A criação da Comissão da Verdade põe fim a uma etapa, superando um tabu que perdurou por mais de 26 anos de tentativas de esclarecimento sobre as ações praticadas pelo grupo de militares que governou o país. Durante a ditadura, foram suspensos os direitos civis e as liberdades individuais, inclusive culimnando no fechamento do Parlamento. O clamor maior é pela confirmação de violações dos direitos humanos como torturas contra dissidentes políticos e a morte e desaparecimento de um grande número de militantes.

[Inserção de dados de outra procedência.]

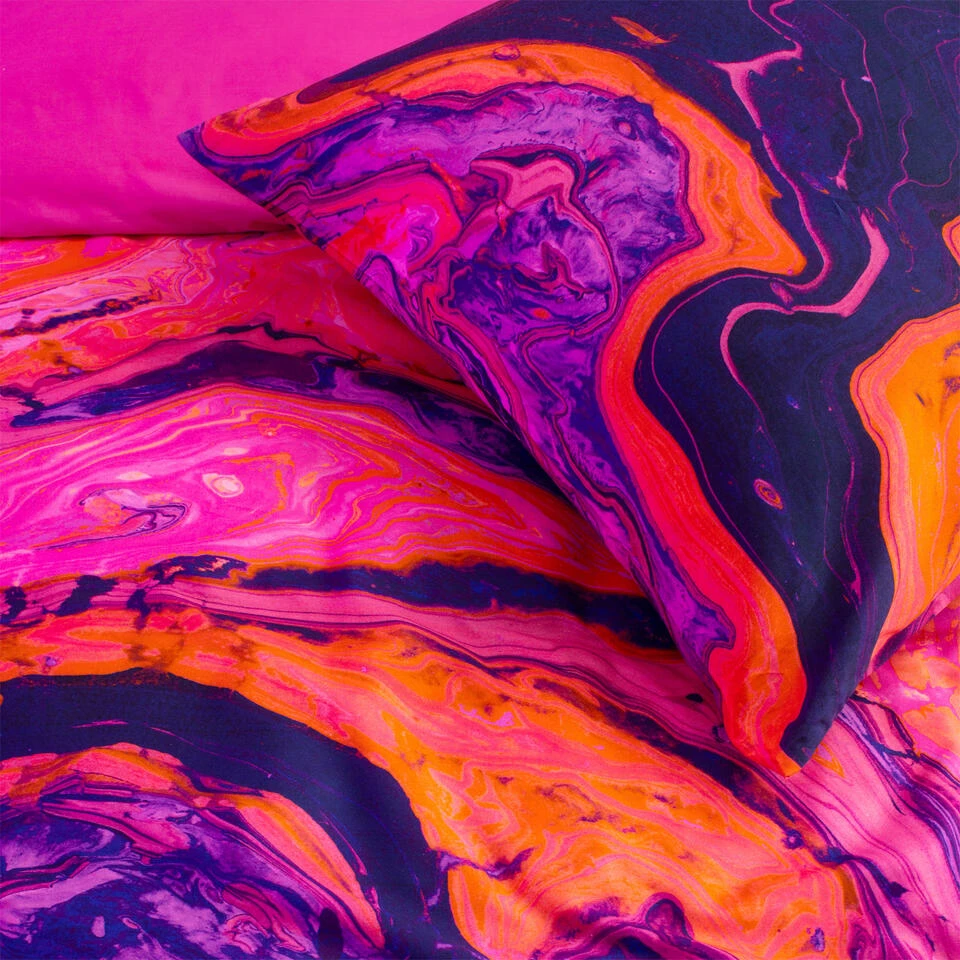 Damai Dekbedovertrek Trance - Satijn - 240x200/220 Cm - Shocking Pink 6 Damai Dekbedovertrek Trance - Satijn - 240x200/220 Cm - Shocking Pink - Afbeelding 4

A atual mandatária do Brasil foi integrante da resistência no período da ditadura militar. Ela foi torturada pelos órgãos de inteligência (DOPS), criados pelos militares especialmente para intimidar seus opositores e minar a resistência, sofrendo espancamentos e choques elétricos, tendo acompanhado de perto o encarceramento, a tortura e a morte de muitos militantes e políticos nos anos 70.
O projeto da comissão foi criado em novembro do ano passado e, originalmente, projetado para investigar as violações cometidas apenas durante o regime militar. Mas este período foi recentemente estendido também aos anos anteriores, até 1946, para incluir os abusos da era pós-Segunda Guerra Mundial.
A comissão terá o poder de convocar testemunhas para investigar as violações cometidas tanto pelas Forças Armadas quanto pela resistência, mas não de julgar ou condenar. No início de maio, foram anunciados os nomes dos sete membros da comissão. Entre eles está a procuradora Rosa Maria Cardoso da Cunha que representou Dilma Rousseff no início dos anos 1970.
O ex-ministro da Justiça José Carlos Dias, um dos nomeados para a comissão, disse que o trabalho do grupo ajudará a evitar que tais abusos dos direitos humanos venham a se repetir. “A instalação desta Comissão de Verdade significa passo relevante. Comprometemo-nos perante a história que o nosso trabalho terá a força do ‘nunca mais…’ ”, afirmou.
A presidente do Brasil, muito emocionada durante a maior parte da cerimônia, disse que o país devia explicações para aqueles que perderam seus entes queridos perseguidos pelo regime. “…o Brasil merece a verdade. As novas gerações merecem a verdade. E, sobretudo, merecem a verdade factual aqueles que perderam amigos e parentes e que continuam sofrendo, como se eles morressem de novo e sempre, a cada dia”, declarou Dilma Rousseff.
O projeto foi inspirado na Comissão da Verdade instalada na África do Sul após o “Apartheid” e a subsequente Reconciliação. No entanto, a criação desse órgão para a apuração de violações dos direitos humanos é apenas um tímido passo se comparado com as iniciativas de Argentina, Uruguai e Chile, vizinhos regionais do Brasil, onde ex-militares de alta patente foram julgados e presos.
O Brasil nunca condenou ninguém por participar de abusos praticados durante a época da ditadura militar e se recusou a tornar públicos os arquivos militares do período. Mesmo após o regime militar, seus representantes continuaram a intimidar os que ensaiavam movimentos nesse sentido.
É lugar comum que um número de aproximadamente 20 mil pessoas tenha sido submetido a tortura, muitas vezes através de espancamentos, choques elétricos, abusos psiquiátricos, violação sexual, entre outras formas. Estima-se que um número superior a 500 brasileiros foram mortos ou desapareceram durante o regime militar.